WHAT YOU SHOULD DO: Omit all pictures, then retype exactly the lines from the one that contains "ErthSkin London Duet" through the end of the listing.

PROVIDED MATERIAL:

· · · · · · ·

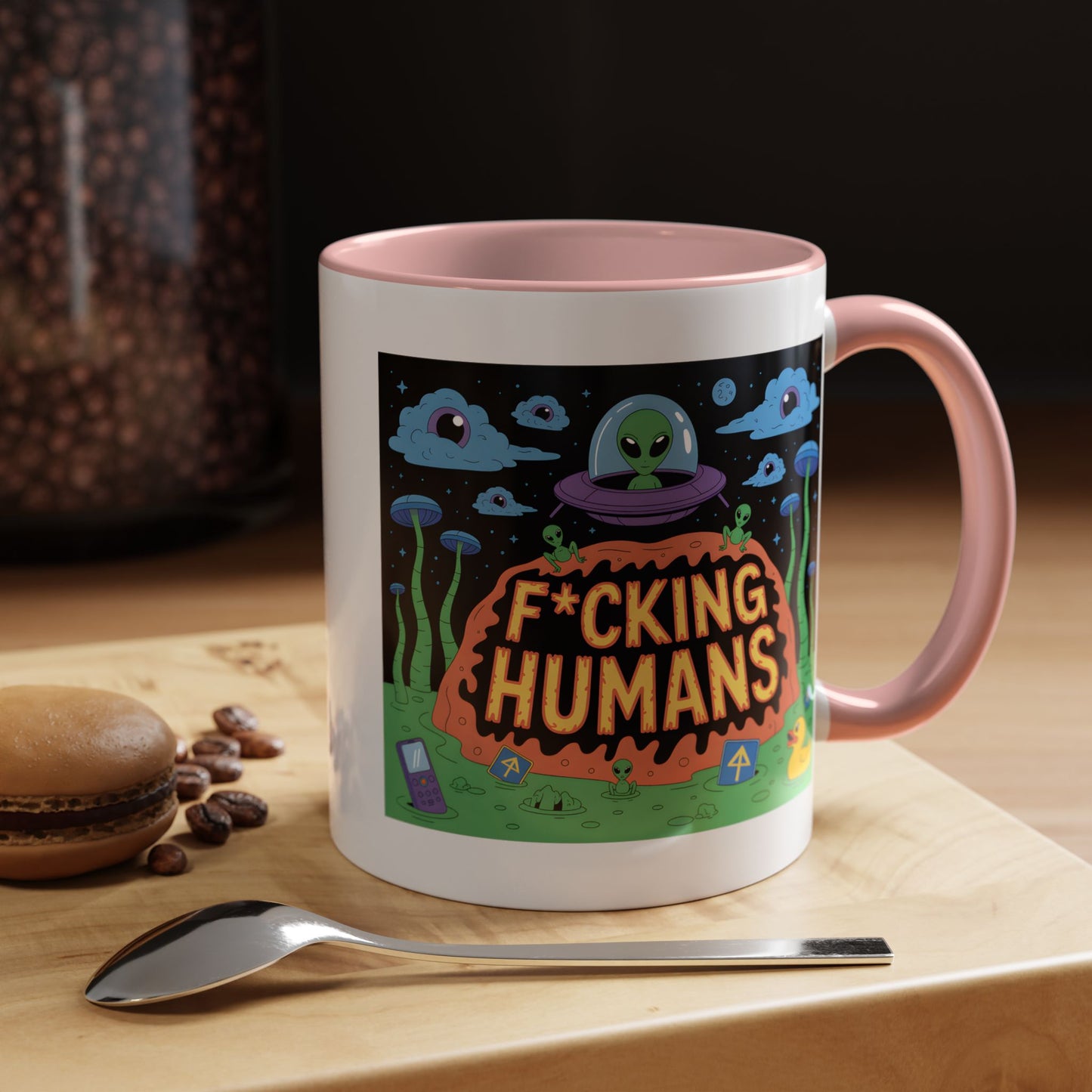 Alien Mug - F*cking Humans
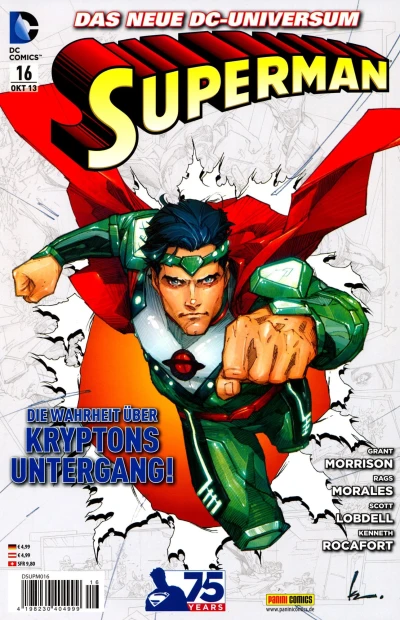 Cover of Jedes Ende hat einen Anfang...; Superman am Ende aller Tage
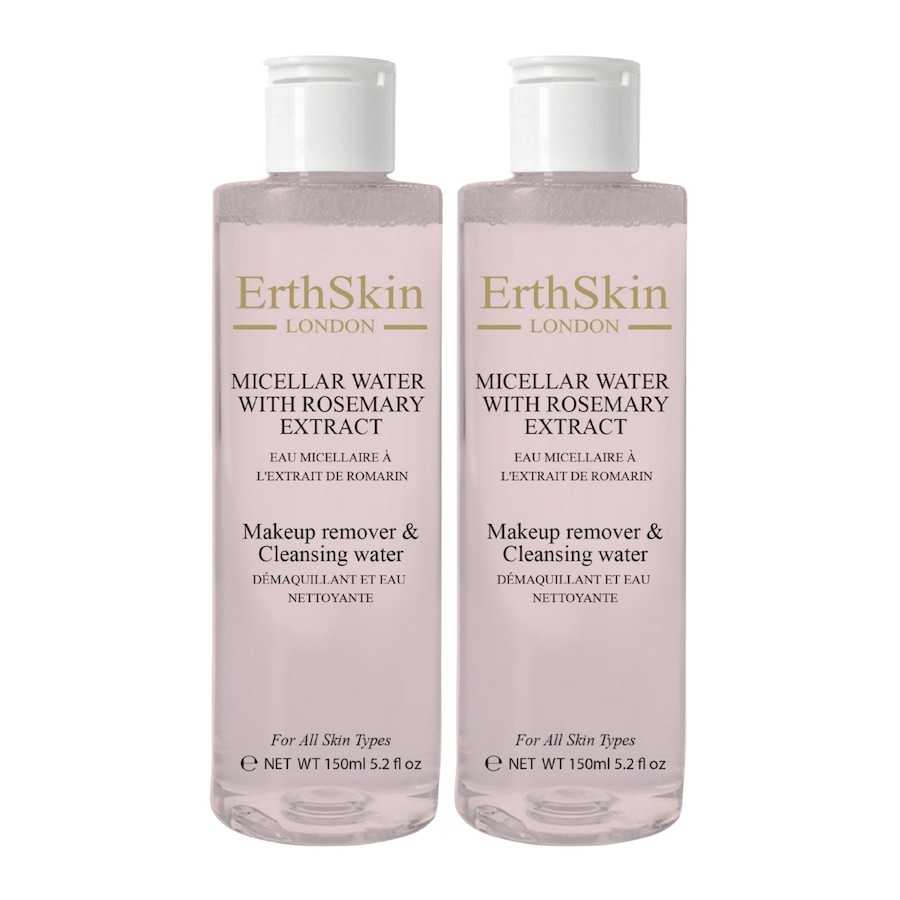 ErthSkin London Duet wody micelarnej Płyn miceralny 300 ml Damski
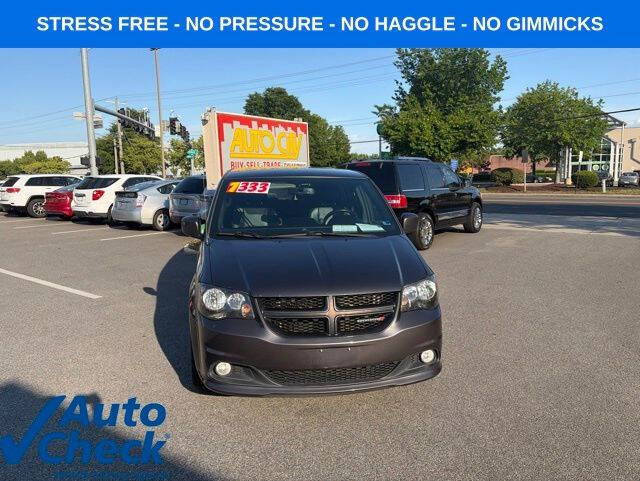 2018 Dodge Grand Caravan GT
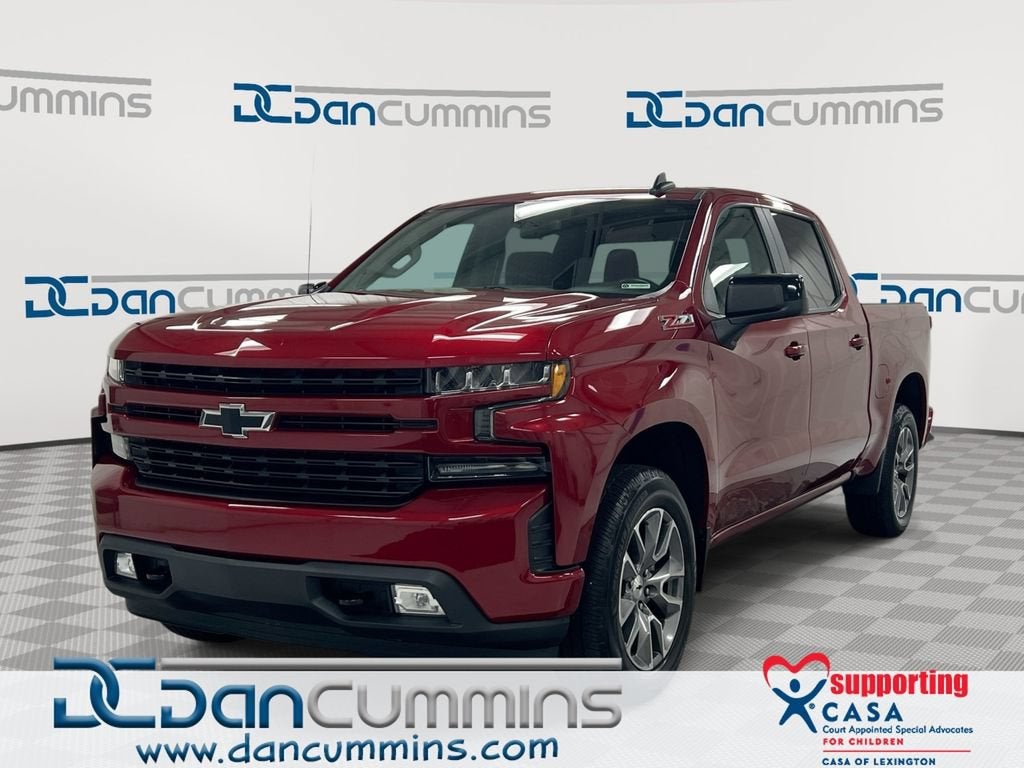 2021 Chevrolet Silverado 1500 RST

· · · · · · ·

REPLY:
 ErthSkin London Duet wody micelarnej Płyn miceralny 300 ml Damski
 2018 Dodge Grand Caravan GT
 2021 Chevrolet Silverado 1500 RST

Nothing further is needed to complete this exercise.